# 2400 acres in Twiggs



## ts3600 (Jun 12, 2014)

Just picked up 500 more acres and have 4 spots open, $975.  PM if interested.


----------



## ts3600 (Jun 21, 2014)

*Almost full*

Only two spots left


----------



## Ivory hunter (Jun 27, 2014)

Interested in club give me a call 770 317 9193


----------



## ts3600 (Jul 19, 2014)

*1 more spot*

could fit two if needed
email tsadler31@cox.net if interested


----------



## ts3600 (Jul 28, 2014)

*Last two spots open*

Also just found out we have 9 bear days this year, so if you want a bear rug this is the club!


----------



## whitetaco02 (Jul 28, 2014)

9 bear days!?

I guess they figured out they need to start thinning them out.

I bet before too long they are going to let you start baiting them.
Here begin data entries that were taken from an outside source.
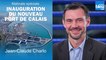 Inauguration du nouveau port de Calais : Jean Claude Charlo, directeur général France de DFDS, sur France Bleu Nord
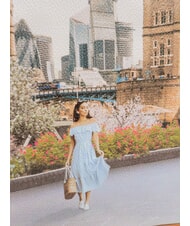 YNOT YESBAG SPECIAL  Shopping Bag london kate - Borse Donna - 3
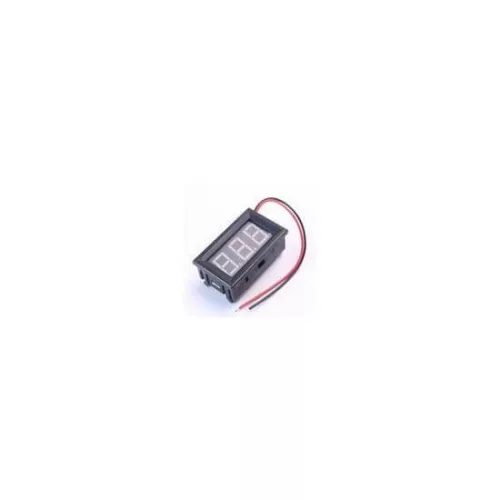 Voltmetru digital cu display 3.5-30V 0.56" roșu, 2fire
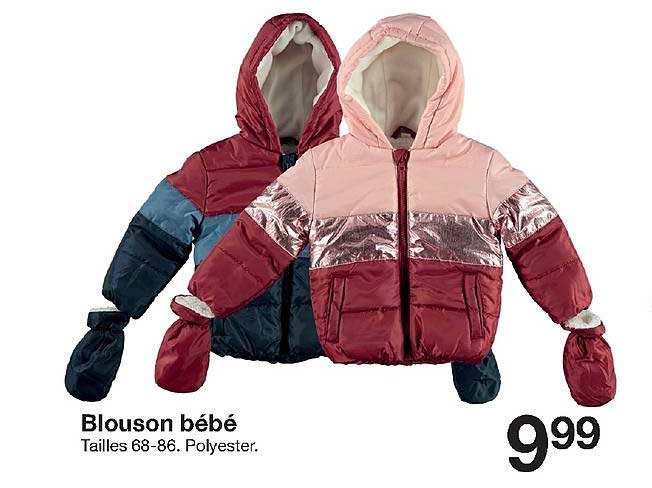 Blouson Bébé
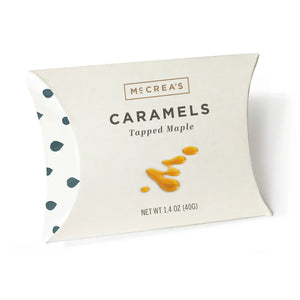 Tapped Maple -  Epicurean Caramels | McCrea's Candies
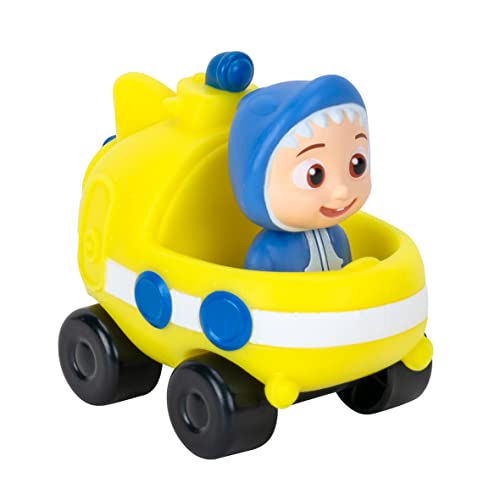 WT0050 Mini Vehicle (Submarine)(JJ) Yellow - Naval-Themed Activity Set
There is a part of me wishing I would have re-joined the club.


----------



## quackman (Aug 7, 2014)

I Think you may be wrong on the bear days , One day Dec 13, you must have been looking at South Ga.


----------



## BBond (Aug 8, 2014)

Yeah you must have seen South GA dates.  Bears have 3 zones and Twiggs County is in the Central.

http://www.georgiawildlife.com/sites/default/files/uploads/wildlife/hunting/pdf/regulations/2014-2015_StateSeason_summary_1.pdf


----------



## TylerR11 (Aug 13, 2014)

Any openings left


----------



## ts3600 (Aug 23, 2014)

BBond said:


> Yeah you must have seen South GA dates.  Bears have 3 zones and Twiggs County is in the Central.
> 
> http://www.georgiawildlife.com/sites/default/files/uploads/wildlife/hunting/pdf/regulations/2014-2015_StateSeason_summary_1.pdf



Yeah, DNR put out the reg on line omitting the central zone.  Then a few days later added it back.
One bear day Dec 13.

Still got one spot left


----------



## ts3600 (Aug 23, 2014)

whitetaco02 said:


> 9 bear days!?
> 
> I guess they figured out they need to start thinning them out.
> 
> ...



Frank, Yall should have gotten back in


----------



## whitetaco02 (Aug 23, 2014)

I know, we should have!  The new place is looking promising but it just stinks having to learn a new piece of property.  Maybe next year, just keep us posted.


----------



## ts3600 (Aug 28, 2014)

I got one spot left


----------



## ts3600 (Sep 13, 2014)

*ttt*

One opening left


----------



## catchdogs (Oct 11, 2014)

Can you run dogs on property


----------